Salgono a sei i Daspo dopo Avezzano-Cesena, identificato anche un 32enne
AVEZZANO. Sale a quota sei il numero dei Daspo a cui sono stati sottoposti i tifosi dell’Avezzano calcio. Si tratta di giovani che secondo le accuse della polizia sono stati coinvolti nei disordini avvenuti in città tre domeniche fa, in occasione dell’incontro di calcio di serie D tra Avezzano e Cesena. Non si fermano quindi le indagini degli agenti del commissariato di Avezzano che stanno individuando gli altri presunti responsabili, una decina in tutto, che saranno con ogni probabilità denunciati e sottoposti al divieto di accedere alle manifestazioni sportive, il cosiddetto Daspo.

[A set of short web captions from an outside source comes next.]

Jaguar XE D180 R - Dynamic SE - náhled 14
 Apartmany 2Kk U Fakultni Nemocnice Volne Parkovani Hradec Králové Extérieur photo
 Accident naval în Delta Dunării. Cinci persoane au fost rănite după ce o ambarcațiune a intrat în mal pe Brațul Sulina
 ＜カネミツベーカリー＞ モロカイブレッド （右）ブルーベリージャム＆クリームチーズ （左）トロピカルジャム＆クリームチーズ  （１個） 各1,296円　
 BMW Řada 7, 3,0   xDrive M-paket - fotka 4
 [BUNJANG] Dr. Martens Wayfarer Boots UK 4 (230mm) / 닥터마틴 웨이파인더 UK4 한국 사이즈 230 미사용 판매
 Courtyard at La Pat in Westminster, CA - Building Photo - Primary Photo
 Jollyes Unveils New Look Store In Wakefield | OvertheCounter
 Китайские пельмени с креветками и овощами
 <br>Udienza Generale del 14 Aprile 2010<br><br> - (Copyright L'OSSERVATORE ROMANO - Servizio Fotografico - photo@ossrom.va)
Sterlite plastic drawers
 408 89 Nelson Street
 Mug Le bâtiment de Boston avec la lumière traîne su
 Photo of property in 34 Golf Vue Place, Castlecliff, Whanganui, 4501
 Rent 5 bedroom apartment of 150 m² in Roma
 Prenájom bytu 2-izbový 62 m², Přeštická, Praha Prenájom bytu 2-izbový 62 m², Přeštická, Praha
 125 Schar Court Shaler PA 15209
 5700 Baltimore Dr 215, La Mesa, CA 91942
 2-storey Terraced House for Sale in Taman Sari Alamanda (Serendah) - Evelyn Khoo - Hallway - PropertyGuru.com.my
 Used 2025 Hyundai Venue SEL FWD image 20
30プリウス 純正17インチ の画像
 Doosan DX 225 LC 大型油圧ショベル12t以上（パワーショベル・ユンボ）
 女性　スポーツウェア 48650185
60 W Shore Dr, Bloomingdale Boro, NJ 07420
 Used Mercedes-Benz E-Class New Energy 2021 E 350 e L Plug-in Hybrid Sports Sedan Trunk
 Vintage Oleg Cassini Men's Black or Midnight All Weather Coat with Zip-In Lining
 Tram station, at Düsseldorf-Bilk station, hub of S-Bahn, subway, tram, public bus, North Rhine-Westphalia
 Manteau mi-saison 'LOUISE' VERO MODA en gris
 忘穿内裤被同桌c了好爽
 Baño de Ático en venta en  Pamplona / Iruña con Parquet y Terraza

Gli altri provvedimenti potrebbero essere adottati nei prossimi giorni. Nel frattempo, un altro ultrà, di 32 anni, difeso dall’avvocato Antonio milo, è stato individuato dopo l’analisi dei filmati in possesso della polizia. Dovrà stare senza stadio per tre anni.
Le indagini, nell’immediatezza dei fatti, hanno portato anche all’arresto di due giovani tifosi dell’Avezzano.
Il gip del tribunale, Maria Proia, nel corso dell’udienza per la convalida, ha disposto per entrambi l’obbligo di firma e il divieto di avvicinarsi nel perimetro delle strade adiacenti allo stadio dei Marsi. Davanti al giudice, i due giovani hanno preferito avvalersi della facoltà di non rispondere. (p.g.)